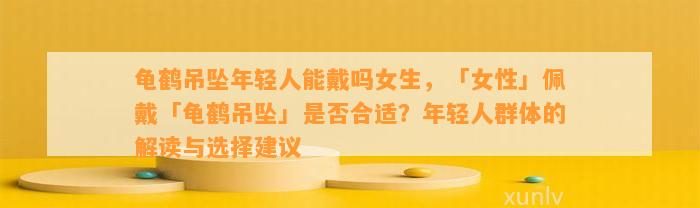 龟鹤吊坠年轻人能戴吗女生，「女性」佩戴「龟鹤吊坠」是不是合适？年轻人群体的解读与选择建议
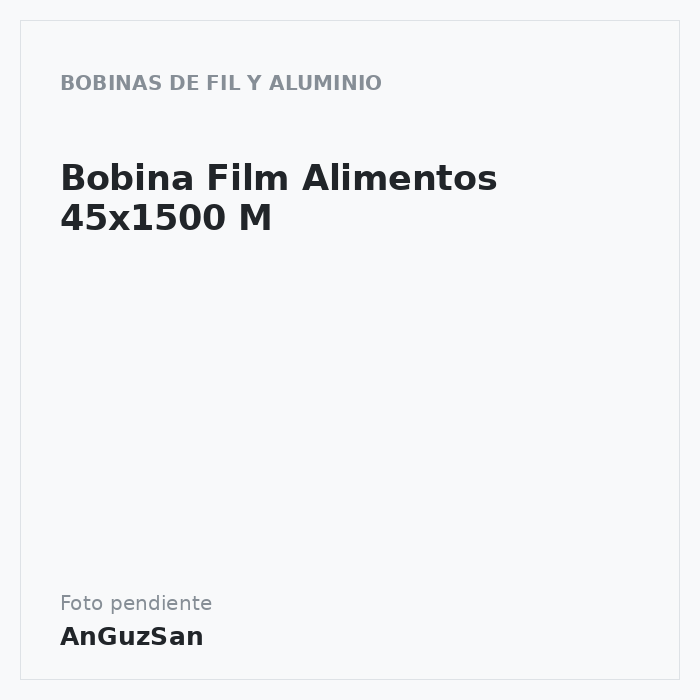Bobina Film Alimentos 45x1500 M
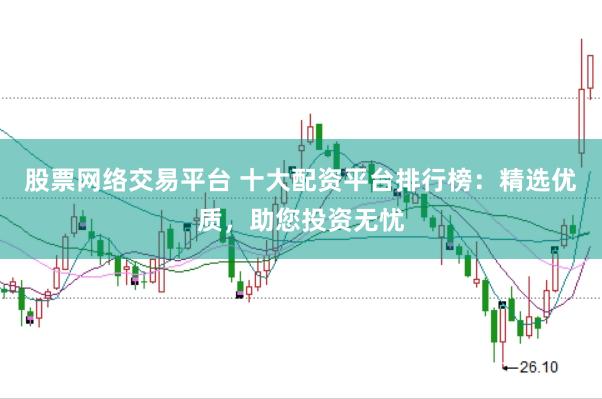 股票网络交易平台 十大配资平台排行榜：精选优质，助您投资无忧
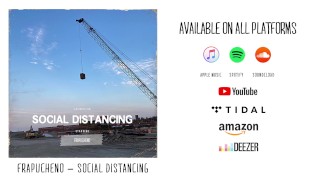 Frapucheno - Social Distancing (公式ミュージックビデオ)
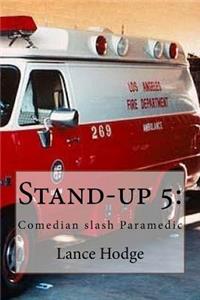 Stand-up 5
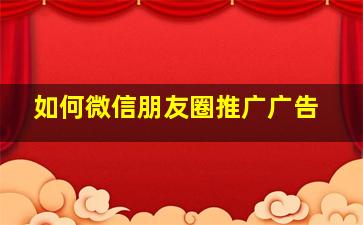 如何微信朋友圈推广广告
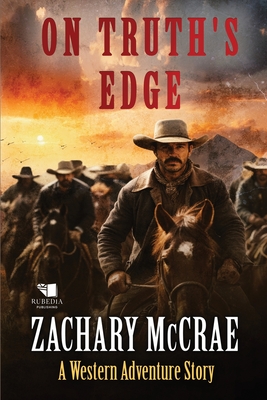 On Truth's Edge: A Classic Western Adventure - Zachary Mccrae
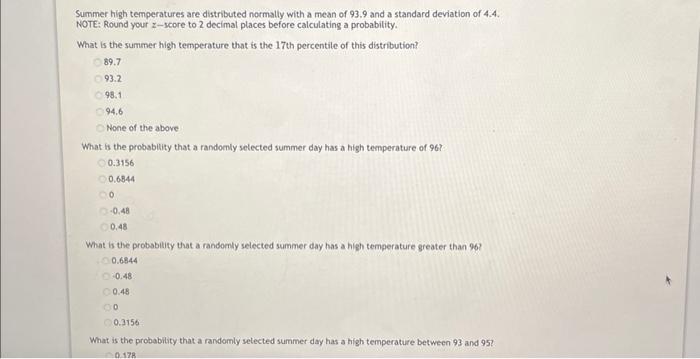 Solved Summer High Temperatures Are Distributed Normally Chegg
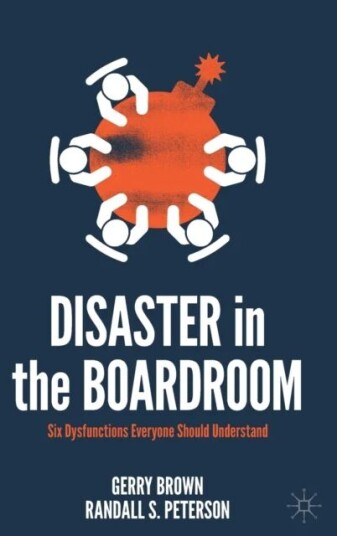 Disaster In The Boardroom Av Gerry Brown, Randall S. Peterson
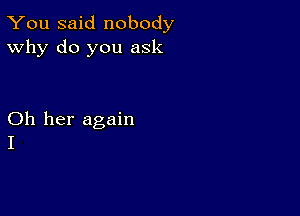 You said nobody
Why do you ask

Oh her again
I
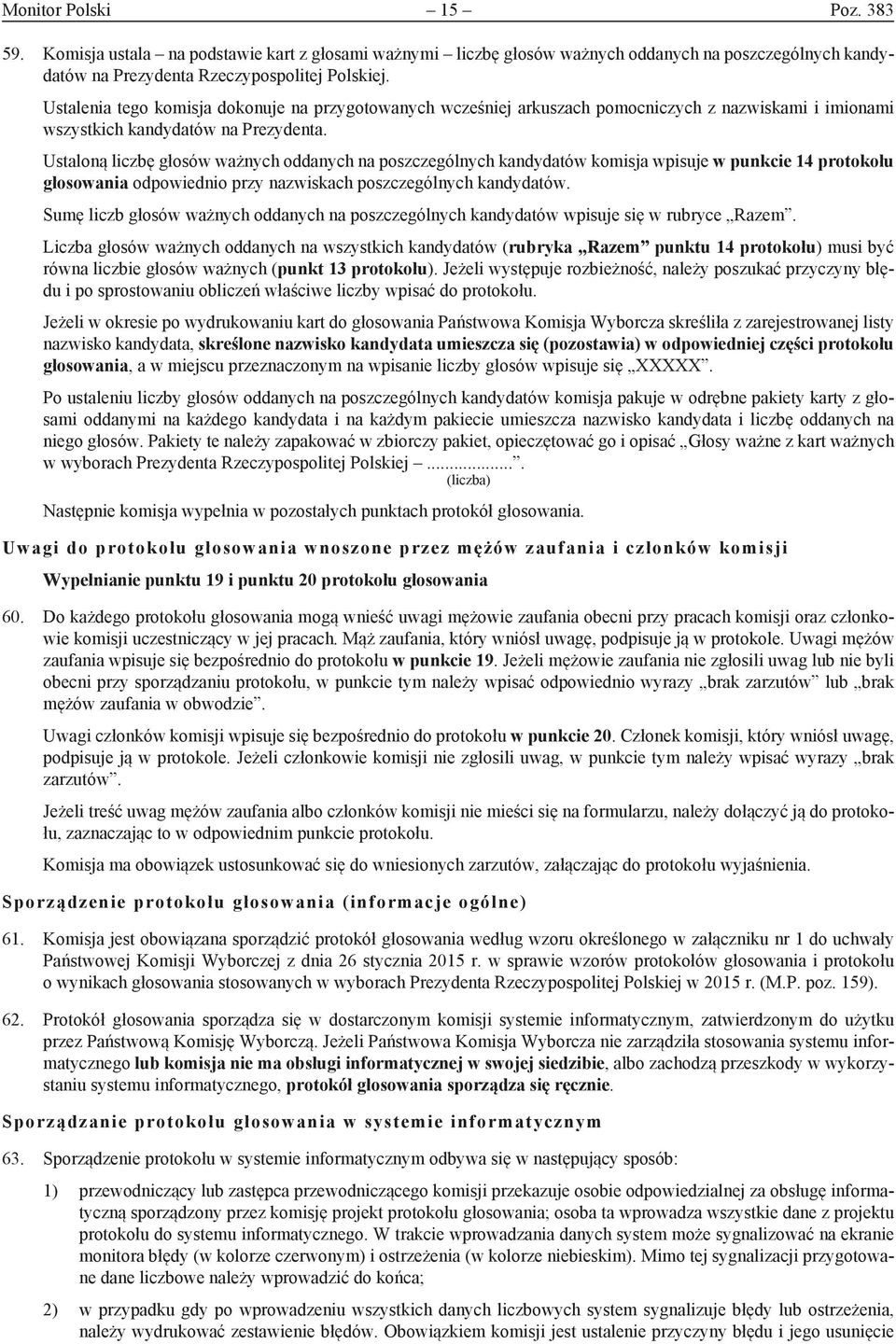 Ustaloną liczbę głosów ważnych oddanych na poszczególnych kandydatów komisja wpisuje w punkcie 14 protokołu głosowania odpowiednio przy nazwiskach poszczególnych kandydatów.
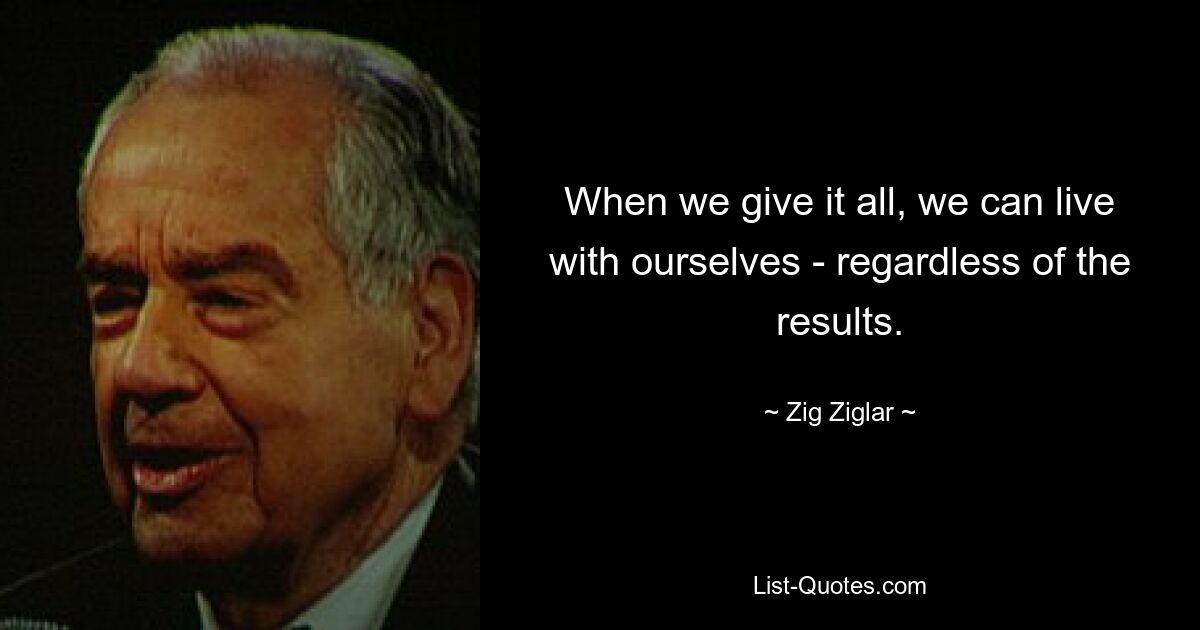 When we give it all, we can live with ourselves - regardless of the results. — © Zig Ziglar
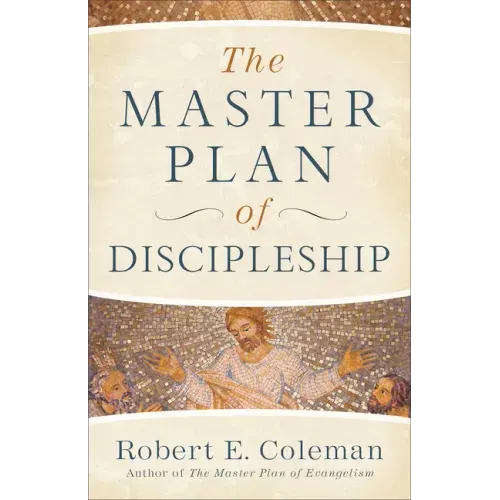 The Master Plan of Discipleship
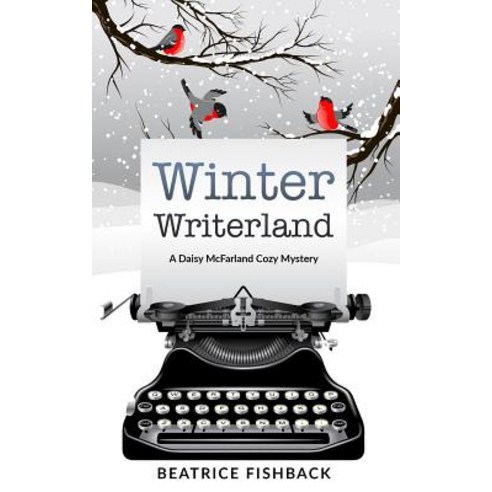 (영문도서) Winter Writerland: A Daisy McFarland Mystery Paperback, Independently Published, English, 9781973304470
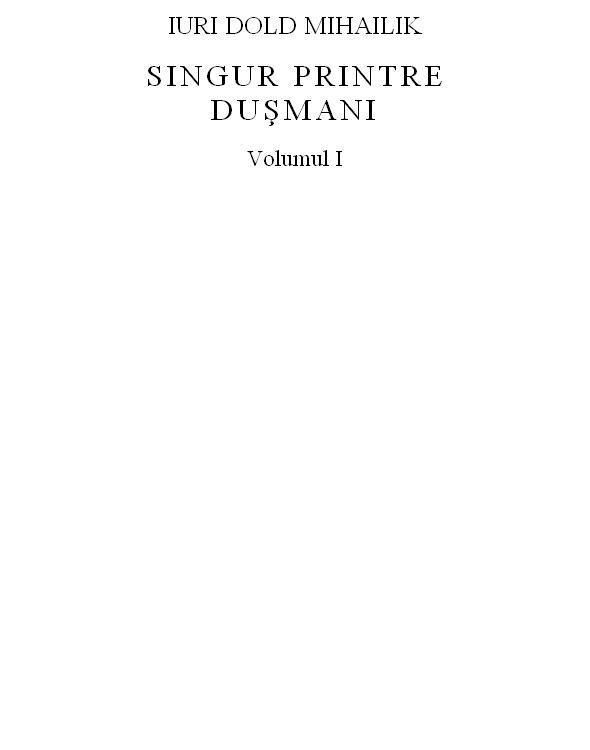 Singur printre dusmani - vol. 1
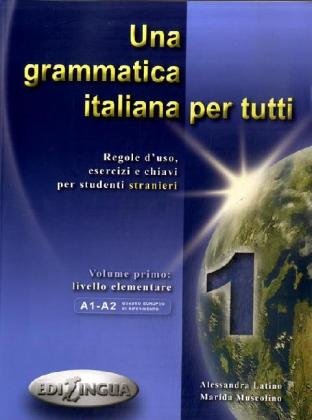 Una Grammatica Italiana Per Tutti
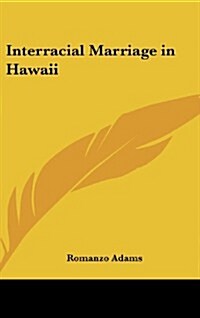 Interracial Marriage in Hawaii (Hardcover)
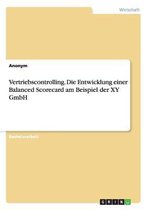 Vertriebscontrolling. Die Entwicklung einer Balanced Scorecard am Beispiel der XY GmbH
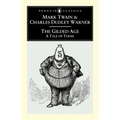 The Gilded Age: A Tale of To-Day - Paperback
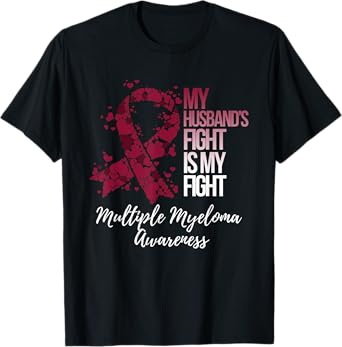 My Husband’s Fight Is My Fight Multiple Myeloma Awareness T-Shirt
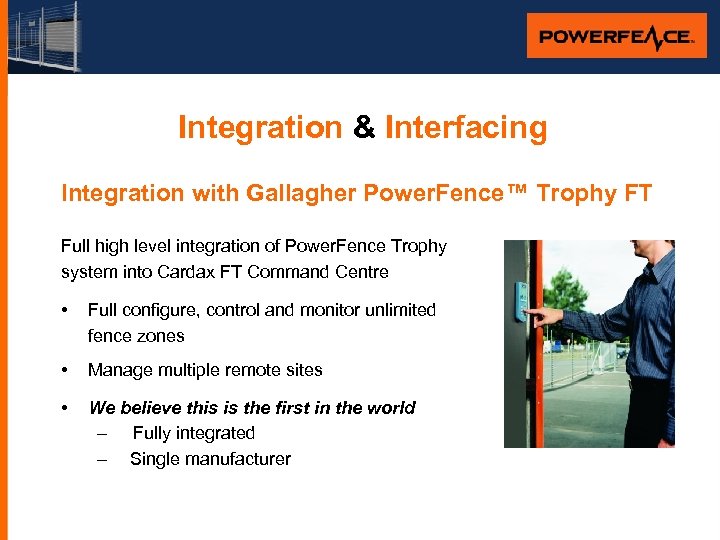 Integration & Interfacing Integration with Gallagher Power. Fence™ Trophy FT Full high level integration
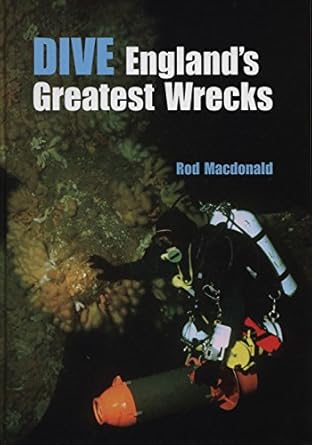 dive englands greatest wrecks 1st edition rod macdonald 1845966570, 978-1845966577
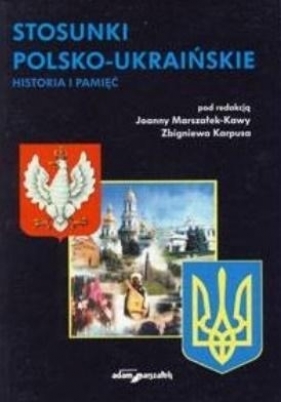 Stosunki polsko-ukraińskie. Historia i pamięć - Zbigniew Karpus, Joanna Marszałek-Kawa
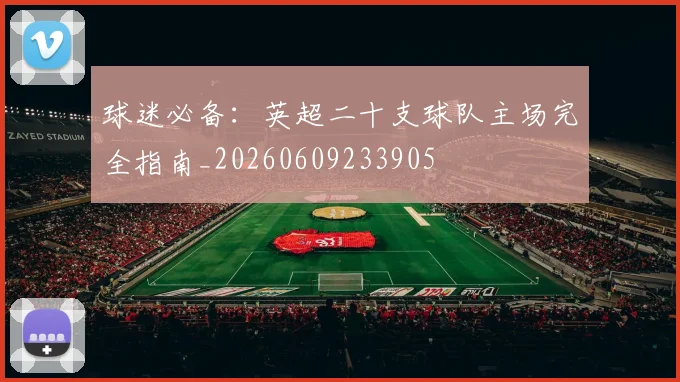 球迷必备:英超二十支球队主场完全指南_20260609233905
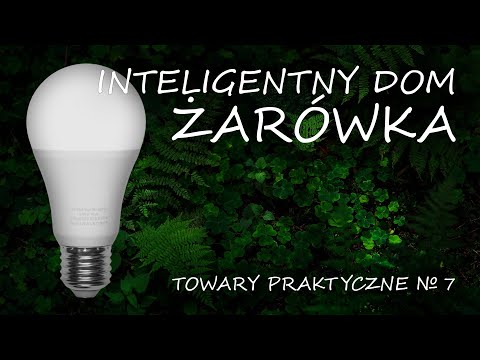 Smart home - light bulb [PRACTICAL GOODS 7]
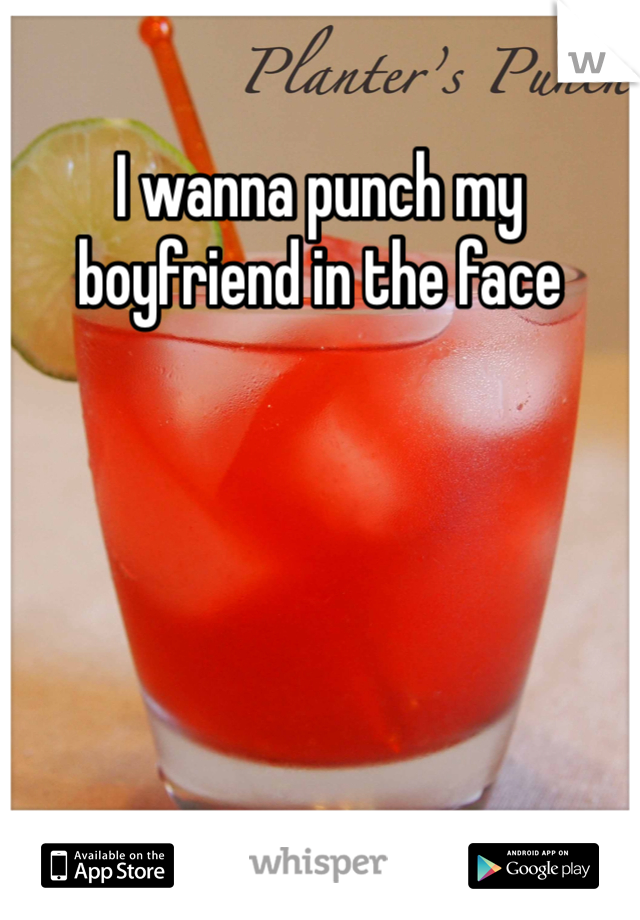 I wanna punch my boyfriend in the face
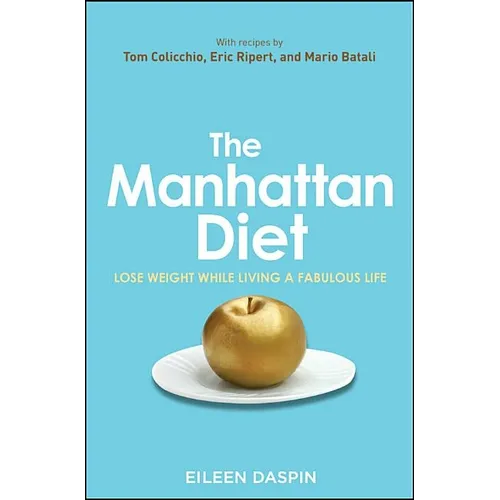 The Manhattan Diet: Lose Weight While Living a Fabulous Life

◆ TRY IT ◆
Nothing except the lines from the one containing "Solved Summer High" through the one containing "Integration & Interfacing" should appear in the answer, exactly as above and without pictures.

◆ SOLUTION BELOW ◆
 Solved Summer High Temperatures Are Distributed Normally Chegg
 Disaster In The Boardroom Av Gerry Brown, Randall S. Peterson
 You said nobody
Why do you ask

Oh her again
I
 Ustaloną liczbę głosów ważnych oddanych na poszczególnych kandydatów komisja wpisuje w punkcie 14 protokołu głosowania odpowiednio przy nazwiskach poszczególnych kandydatów.
 When we give it all, we can live with ourselves - regardless of the results. — © Zig Ziglar
 The Master Plan of Discipleship
 (영문도서) Winter Writerland: A Daisy McFarland Mystery Paperback, Independently Published, English, 9781973304470
 Singur printre dusmani - vol. 1
 Una Grammatica Italiana Per Tutti
 Interracial Marriage in Hawaii (Hardcover)
 Vertriebscontrolling. Die Entwicklung einer Balanced Scorecard am Beispiel der XY GmbH
 The Gilded Age: A Tale of To-Day - Paperback
 My Husband’s Fight Is My Fight Multiple Myeloma Awareness T-Shirt
 Integration & Interfacing Integration with Gallagher Power. Fence™ Trophy FT Full high level integration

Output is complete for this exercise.